→ **RECORDS FOR THIS TASK**:
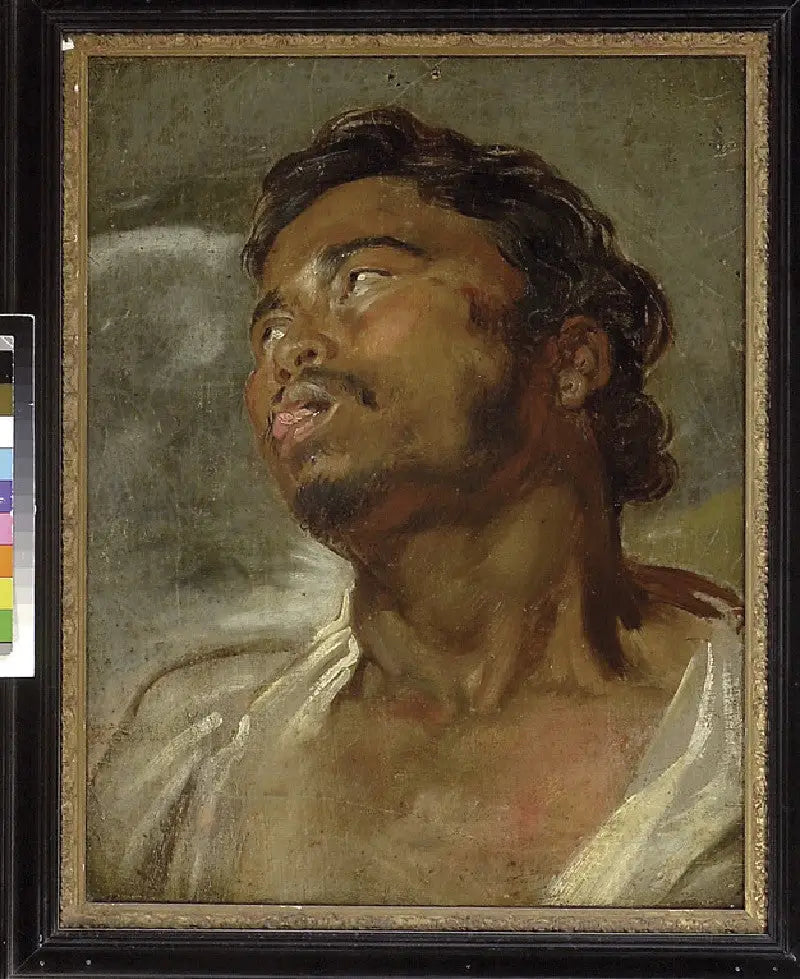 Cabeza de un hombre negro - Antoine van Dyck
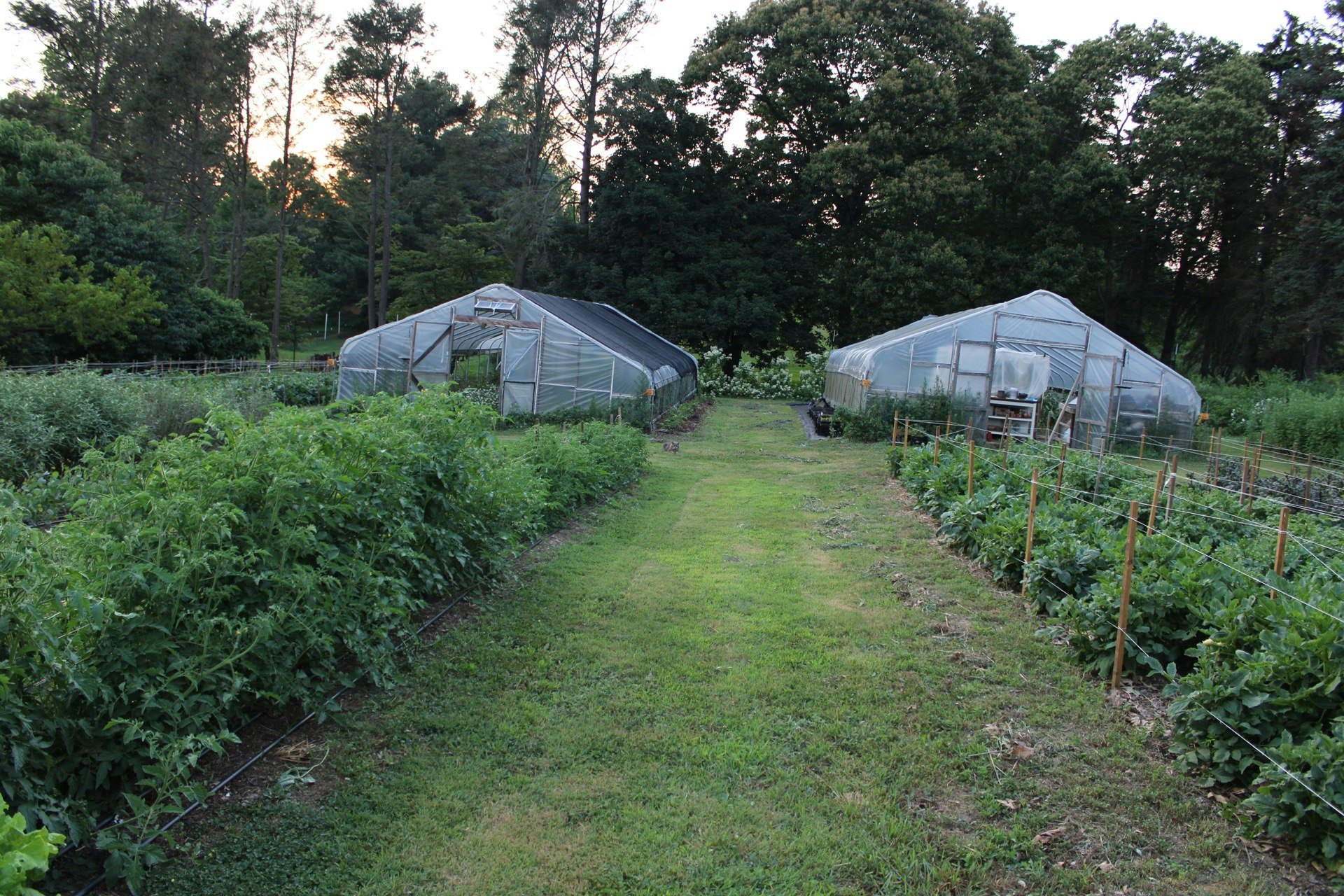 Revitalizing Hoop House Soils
* * *
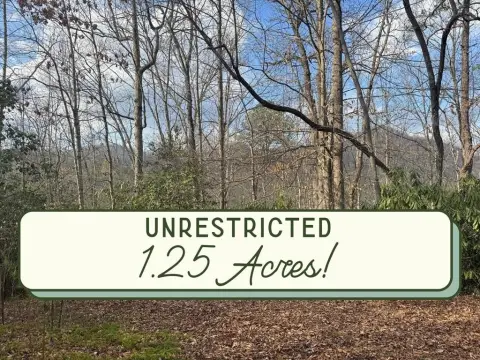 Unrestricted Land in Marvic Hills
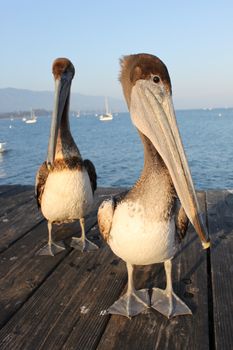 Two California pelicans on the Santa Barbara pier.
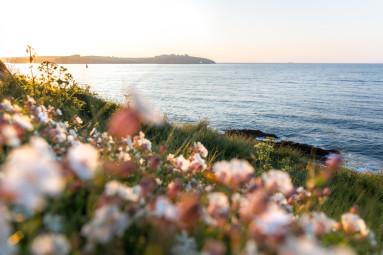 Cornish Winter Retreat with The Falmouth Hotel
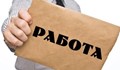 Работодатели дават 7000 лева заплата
...
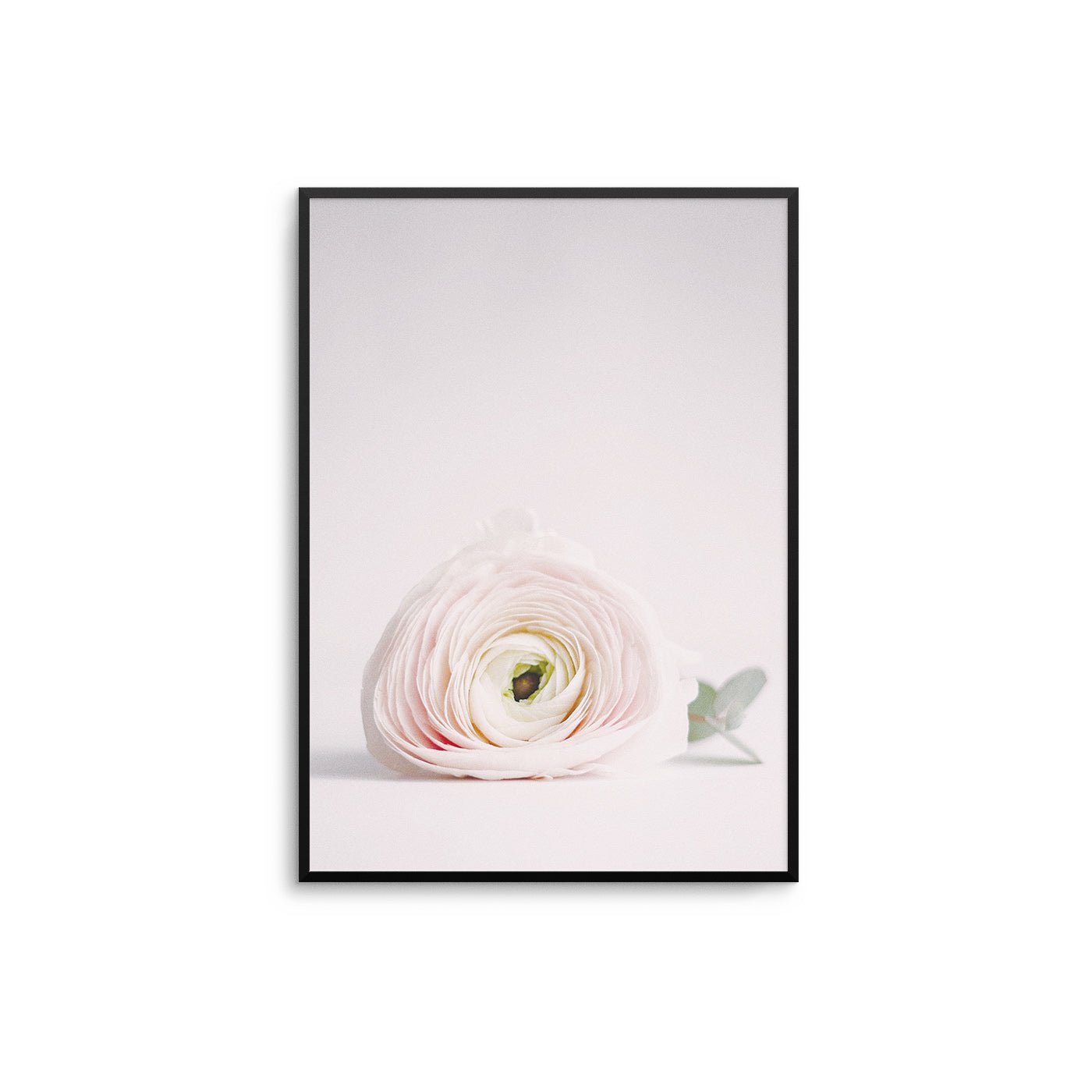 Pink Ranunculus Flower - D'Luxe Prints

→ **YOUR OBJECTIVE**: Your answer must be the exact lines from the records above, from the one containing "Unrestricted Land in Marvic Hills" through the one containing "Работодатели дават 7000 лева заплата", both included, with every picture left out.

→ **RESPONSE**:
 Unrestricted Land in Marvic Hills
 Two California pelicans on the Santa Barbara pier.
 Cornish Winter Retreat with The Falmouth Hotel
 Работодатели дават 7000 лева заплата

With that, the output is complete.